There are differences as to where the checksum will be stored.

For the filesystem (and for the software suspend image), you have to 
store the checksums in the disk itself, and the correct place (and 
ordering requirements) depends on the filesystem. Also, most filesystems 
do not currently have on-disk checksums.

For the swap, it is much simpler; the checksums can be stored in memory 
(since they do not matter after a reboot; the swap contents are simply 
discarded). This also gives better performance, since the checksums do 
not have to be separately written, and more flexibility, since the 
kernel can use whatever kind of checksum it wants and can store the 
checksum in whatever data structure it choses, without worrying about 
compatibility.

And, in fact, there is a CRC code in the block layer; it is 
CONFIG_BLK_DEV_INTEGRITY. However, it is not a generic solution; it 
needs some extra prerequisites (like a disk low-level formatted with 
sectors with >512 bytes).

> And what's BER of disk?
> Is it usual to meet the problem?

It is unusual enough that most people who meet it will not notice.

And the filesystem developers (who understand about these things more 
than me) seem to be trending towards adding checksums to their 
filesystems. The point of this patch is to meet the same level of safety 
as btrfs (thus the choice of crc32c, which is what btrfs uses).

> In normal desktop, some app killed are not critical. If the
> application is critical, maybe app have to logic fault handling.
> Firefox has session restore feature and Office program has temporal
> save feature.

In fact, crashing is the "best" outcome here. The worst outcome is your 
application silently corrupting the data you then save to disk.
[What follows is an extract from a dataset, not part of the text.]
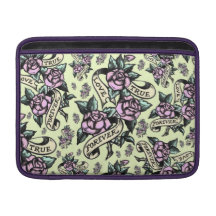 True Love Tattoo rose art Macbook air sleeve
> On the other hand, in server, does it designed well to use swap disk
> until we meet bit error of disk?

Servers are the ones which would benefit the most, as their RAM is 
usually very reliable (they tend to use ECC memory). Their disk 
subsystems, however, are also more reliable.

Desktop systems (especially "no-name" brand ones) do not gain as much, 
since their RAM is usually unprotected; however, they are also the ones 
which have better chance of having low-quality power supplies, uncommon 
storage media (USB flash drives as the root disk is an example), and 
problematic I/O subsystems.

> My feel is that it seem to be rather overkill.

Yes, it is a bit overkill, except when you are using software suspend. 
While the software suspend image is not protected by this patch (I am 
already thinking of a separate patch to add checksums to it), the 
swapped out pages are (software suspend uses both a memory image saved 
to the swap partition and the normal swapped out pages).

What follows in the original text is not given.